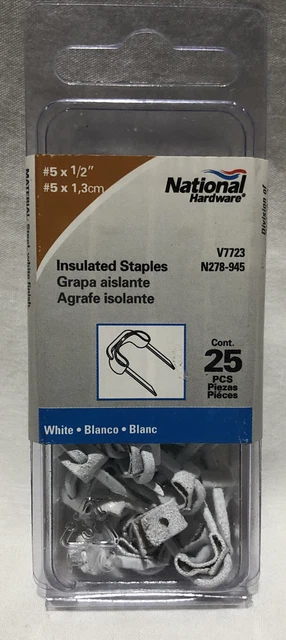National Hardware N278-945 Insulated Staples #5 By 1/2" White Box Of 25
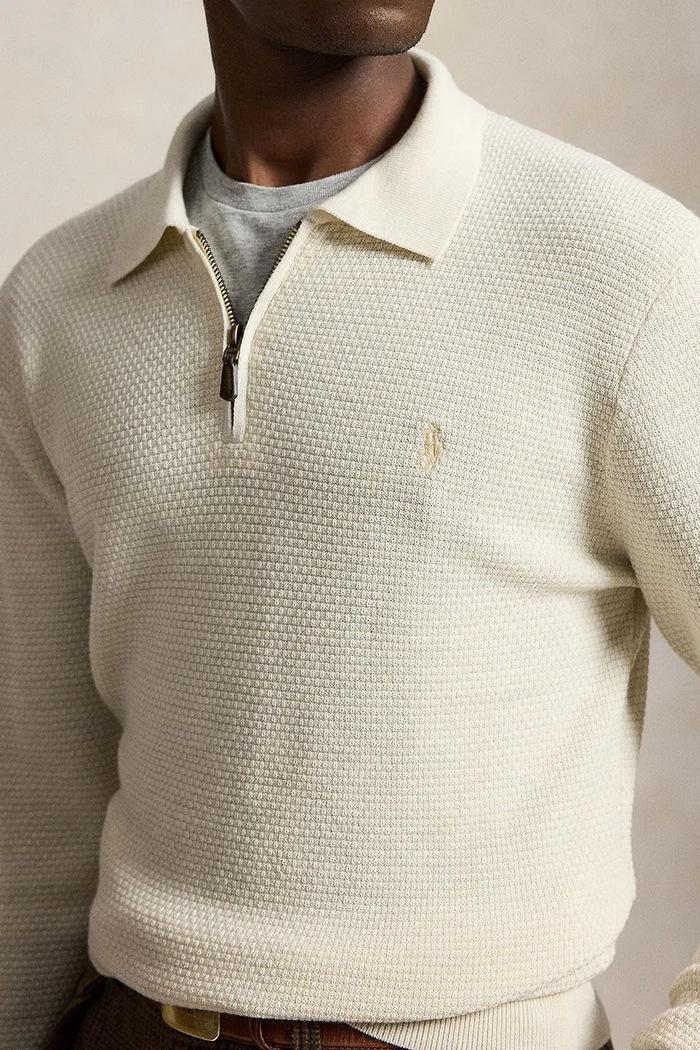 Sweter męski wełniany Polo Ralph Lauren 710B26772 beżowy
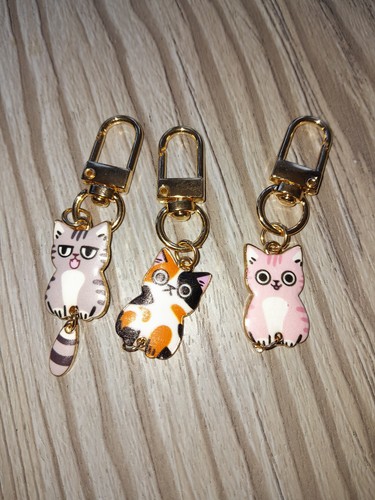 3 Cat Key Rings/bag Charms - Picture 3 of 4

» Prompt: Copy the whole of the material above exactly, but not its images.

» Result of this task:
National Hardware N278-945 Insulated Staples #5 By 1/2" White Box Of 25
 Sweter męski wełniany Polo Ralph Lauren 710B26772 beżowy
 3 Cat Key Rings/bag Charms - Picture 3 of 4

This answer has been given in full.